500GB is normally about 40-45 per drive, 1 TB is 65-70 per drive.
I think your motherboard supports RAID 0,1,5 and 0+1 out of the box. You can find more info on them on wikipedia but here is a summary.
Raid 0: "joins" the drives into one big drive. You keep full capacity of the drives (i.e. 2 1TB drives = 2 TB), read access is technically doubled, write access up to doubled as well. However, this has no reliability - if ONE drive fails you lose ALL the data. You can RAID 0 any number of drives together, 2 or more.
Raid 1: "mirrors" the drives. You get capacity of one drive (i.e. 2 1TB drives = 1 TB). Read access is doubled, write access is about the same as 1 drive. This has reliability though, you can lose all but one drive and not lose any data. You can RAID 1 any number of drives together, 2 or more (but remember that doesn't give you greater capacity, just more reliability and read access)
Raid 5: complicated to explain, but is somewhere between 0 and 1. Takes a minimum of 3 drives. You have the capacity of all drives minus 1. (ie, 3 1TB drives = 2TB, 4 1TB drives = 3TB). Read and write access about the same as raid 0. However, it can tolerate losing ONE drive and one drive only.
Raid 0+1: Raid 0 and 1 together. Takes 4 drives minimum, can support up to 2 drives failing.

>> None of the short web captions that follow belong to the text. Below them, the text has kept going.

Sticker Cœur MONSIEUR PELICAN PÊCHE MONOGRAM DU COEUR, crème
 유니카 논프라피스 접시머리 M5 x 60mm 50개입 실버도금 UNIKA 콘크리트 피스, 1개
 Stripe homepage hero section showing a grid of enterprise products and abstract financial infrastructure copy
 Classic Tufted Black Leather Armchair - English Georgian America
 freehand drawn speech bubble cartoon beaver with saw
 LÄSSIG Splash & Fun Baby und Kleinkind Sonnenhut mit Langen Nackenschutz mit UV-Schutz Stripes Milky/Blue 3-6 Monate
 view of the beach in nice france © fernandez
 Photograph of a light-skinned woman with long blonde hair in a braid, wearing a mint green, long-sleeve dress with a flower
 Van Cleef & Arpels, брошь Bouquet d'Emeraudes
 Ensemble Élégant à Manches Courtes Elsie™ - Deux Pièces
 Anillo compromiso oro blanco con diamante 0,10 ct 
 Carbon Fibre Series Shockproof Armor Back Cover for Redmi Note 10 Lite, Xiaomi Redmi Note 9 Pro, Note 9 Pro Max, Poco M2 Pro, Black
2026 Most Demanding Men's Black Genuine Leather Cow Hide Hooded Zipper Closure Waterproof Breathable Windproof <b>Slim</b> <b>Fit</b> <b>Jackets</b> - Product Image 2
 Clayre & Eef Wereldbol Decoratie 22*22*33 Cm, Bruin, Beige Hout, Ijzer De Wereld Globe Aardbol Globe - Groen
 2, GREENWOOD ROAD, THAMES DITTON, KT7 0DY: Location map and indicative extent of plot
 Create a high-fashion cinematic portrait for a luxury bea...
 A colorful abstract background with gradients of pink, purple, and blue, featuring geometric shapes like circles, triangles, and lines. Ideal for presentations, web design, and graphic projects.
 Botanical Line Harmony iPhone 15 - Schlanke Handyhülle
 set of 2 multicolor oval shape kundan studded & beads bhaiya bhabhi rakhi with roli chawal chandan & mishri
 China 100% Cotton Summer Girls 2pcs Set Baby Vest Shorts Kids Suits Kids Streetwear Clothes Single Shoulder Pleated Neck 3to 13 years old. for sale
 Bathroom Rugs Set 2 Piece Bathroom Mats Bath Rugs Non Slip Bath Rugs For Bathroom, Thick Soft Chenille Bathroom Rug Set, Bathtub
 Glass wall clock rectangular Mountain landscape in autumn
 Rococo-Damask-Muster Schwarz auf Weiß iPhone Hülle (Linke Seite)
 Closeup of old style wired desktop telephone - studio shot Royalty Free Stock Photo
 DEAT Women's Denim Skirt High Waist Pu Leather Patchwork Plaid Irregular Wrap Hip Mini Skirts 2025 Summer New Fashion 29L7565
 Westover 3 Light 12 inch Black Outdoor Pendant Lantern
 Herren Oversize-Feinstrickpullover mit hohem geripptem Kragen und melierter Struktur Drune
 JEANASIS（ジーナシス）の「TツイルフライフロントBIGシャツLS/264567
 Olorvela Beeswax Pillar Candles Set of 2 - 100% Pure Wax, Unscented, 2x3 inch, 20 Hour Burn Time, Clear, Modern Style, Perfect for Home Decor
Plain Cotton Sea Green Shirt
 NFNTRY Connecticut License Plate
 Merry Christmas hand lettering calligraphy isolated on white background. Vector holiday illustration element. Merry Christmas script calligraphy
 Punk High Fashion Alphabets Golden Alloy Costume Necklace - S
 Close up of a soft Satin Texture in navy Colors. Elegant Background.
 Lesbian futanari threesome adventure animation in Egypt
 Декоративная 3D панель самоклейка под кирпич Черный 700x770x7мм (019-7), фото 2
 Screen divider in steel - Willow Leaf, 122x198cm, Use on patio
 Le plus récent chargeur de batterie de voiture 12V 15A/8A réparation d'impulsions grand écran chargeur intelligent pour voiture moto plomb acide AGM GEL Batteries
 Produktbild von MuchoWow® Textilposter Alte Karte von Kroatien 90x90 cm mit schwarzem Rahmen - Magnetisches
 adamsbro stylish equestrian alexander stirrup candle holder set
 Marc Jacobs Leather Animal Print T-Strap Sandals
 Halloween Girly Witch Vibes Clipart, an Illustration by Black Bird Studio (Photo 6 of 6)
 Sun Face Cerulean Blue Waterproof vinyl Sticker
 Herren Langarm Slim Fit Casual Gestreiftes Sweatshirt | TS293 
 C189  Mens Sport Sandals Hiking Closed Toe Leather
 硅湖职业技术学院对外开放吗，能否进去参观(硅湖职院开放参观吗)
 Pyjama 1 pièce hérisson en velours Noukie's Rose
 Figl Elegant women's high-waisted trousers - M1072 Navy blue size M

Gives massive read speed and good write speed. You get the capacity of 2 drives (i.e. 4 1TB drives = 2 TB capacity). Best all round performance and reliability, but takes a lot of drives.
What you go for depends on your backup strategy (if any) and how much money you have burning a hole in your pocket. Consider also having a small capacity SSD (128G, say) for your OS and programs, and 1 TB or more behind it on regular drives for data files.
Good luck!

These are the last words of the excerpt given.